In 1919, Lussi emigrated to the United States, landing in New York City. He became a U.S. citizen in 1927. In 1932, he married Thelma McDowell, with whom he had two sons. He died on June 23, 1993, at the age of 95.

Coaching career 
Lussi supported another Swiss emigrant, Mr. De Bergen, a skating coach, and himself in New York while learning skating from De Bergen. Considering himself to be "a big gawky fellow", he vowed that "If I cannot be a champion, I shall make them." A few years later, while teaching in Philadelphia as De Bergen's assistant he rebelled against De Bergen's style of skating, started pioneering his own methodology, and left Philadelphia for a while to coach in Canada and Lake Placid.

His first champion student was Egbert S. Carey Jr., who won the U.S. junior men's title in 1924. A little later, he and his student, Montgomery "Bud" Wilson, invented the flip jump. In 1928, Bud Wilson and his sister, Constance Wilson-Samuel, became Lussi's first World Champions.

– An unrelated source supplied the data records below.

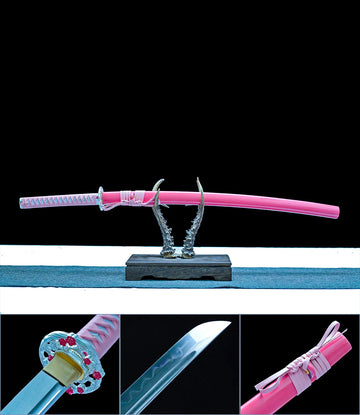 High-performance Real Japanese Katana Sword 1065 Steel - Sakura Pink Blossom Katana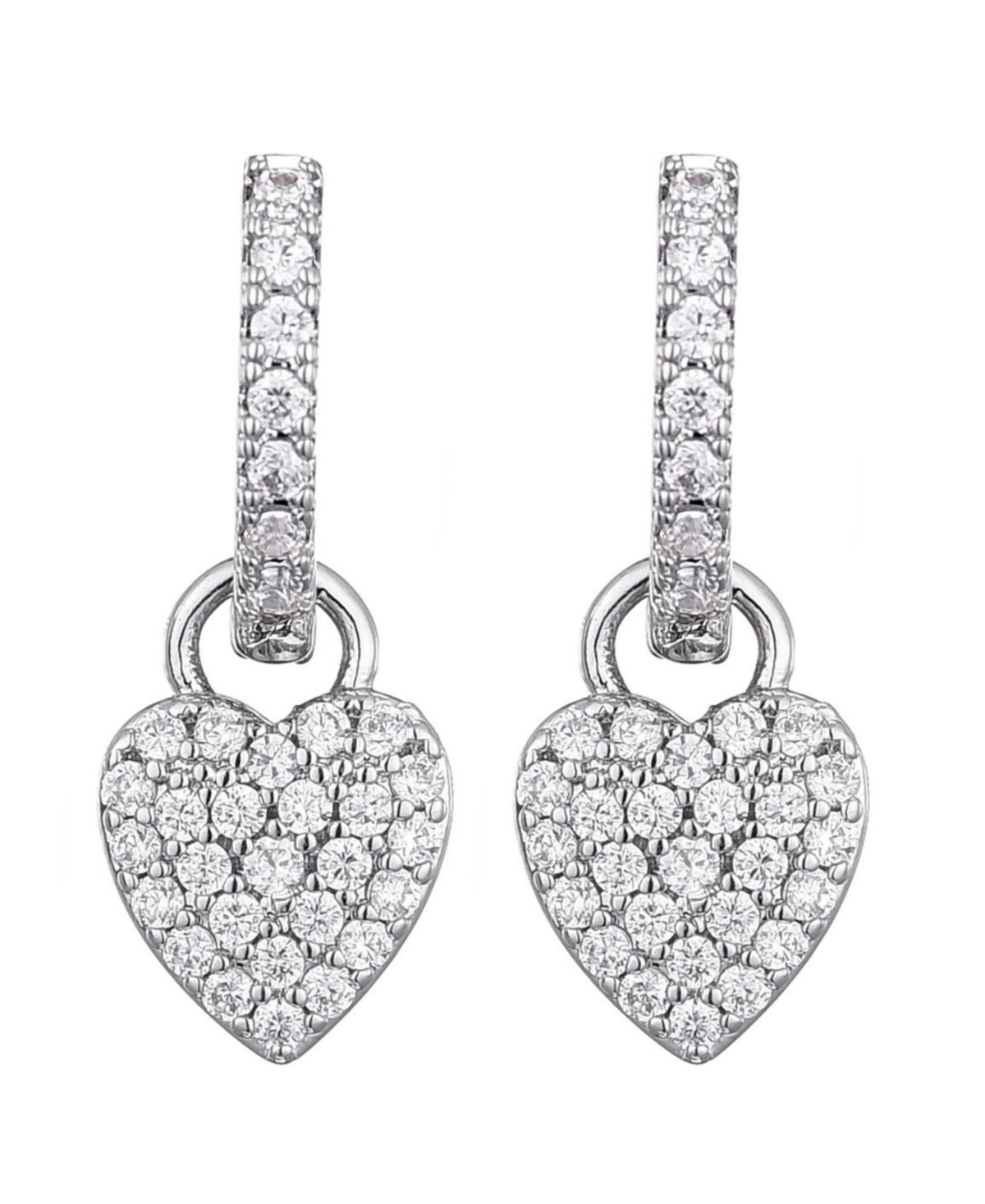 Adornia Cubic Zirconia Heart Drop Huggie Hoop Earrings In Silver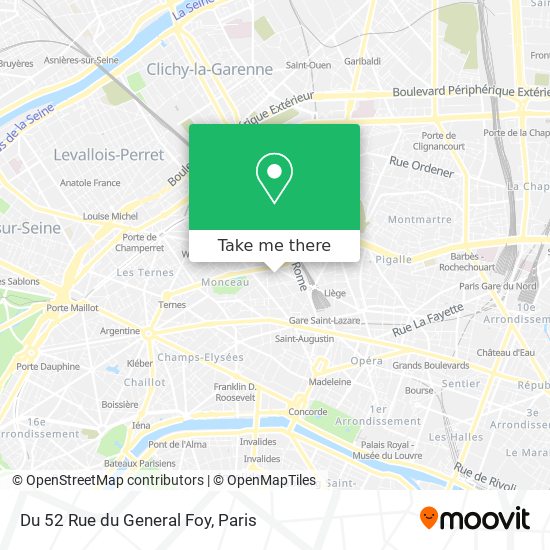 Mapa Du 52 Rue du General Foy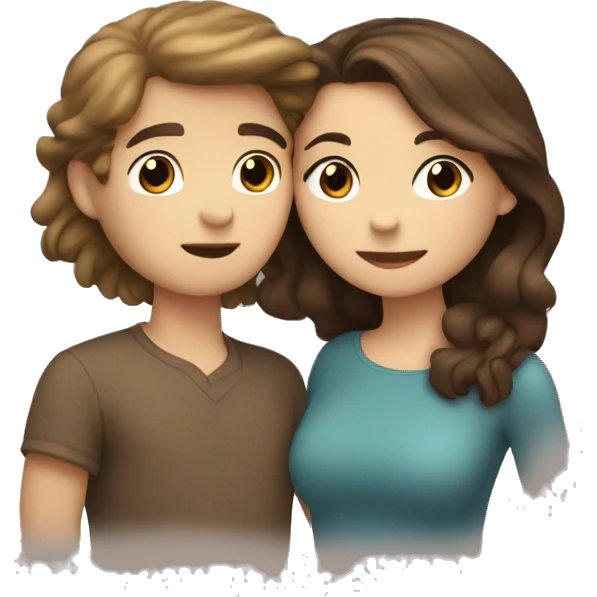 The brunette-haired boy and the girl with brown hair and blonde hair underneath are kissing emoji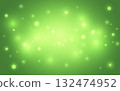 Green Bokeh Light Background with Soft Glowing Particles, Abstract Fresh Nature Blur Design for Spring and Eco Concept 132474952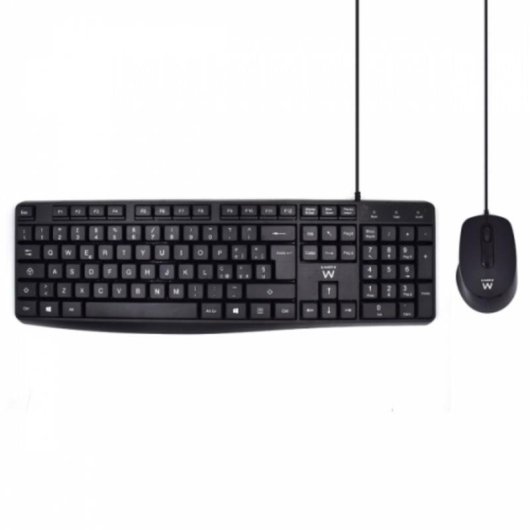 Teclado Ewent EW3005 membrana completo con ratón óptico 1000 dpi italiano negro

Lussi coached Dick Button from the age of twelve.

Lussi introduced checking the jump landings instead of turning a three after landing, a program as composition with a beginning and ending instead of the official just banging a gong to signal the end of the allotted time to perform, closing the figures at the center which until that time were left open, the original design for the Pattern 99 blade, the flying sit spin, the flying camel or Button Camel spin with Dick Button, the crossed-leg rotation position in jumping and spinning, the double Axel jump, the triple jumps, the delayed Axel and delayed-rotation double and triple jumps.

Lussi also started summer skating in Lake Placid after the Olympic Arena was enclosed in 1932 for the Winter Olympics. He convinced the local municipality to open the arena for a month that summer and imported skaters from Canada to perform shows that summer. His father-in-law painted the ice for these great extravaganzas. These shows led to his being hired to choreograph the shows for Ice Follies for several years.

Legacy
Lussi's skaters are known for their strong spinning technique. Lussi was also responsible for developing modern figure skating jump technique, including the now-standard crossed-leg rotation, or back spin, position in the air. His pupil Dick Button was the first to perform a double Axel and the first triple loop jump in competition, and Lussi students were also the first performers of flying spins such as the flying camel and flying sit spin which are now a standard part of every elite skater's repertoire.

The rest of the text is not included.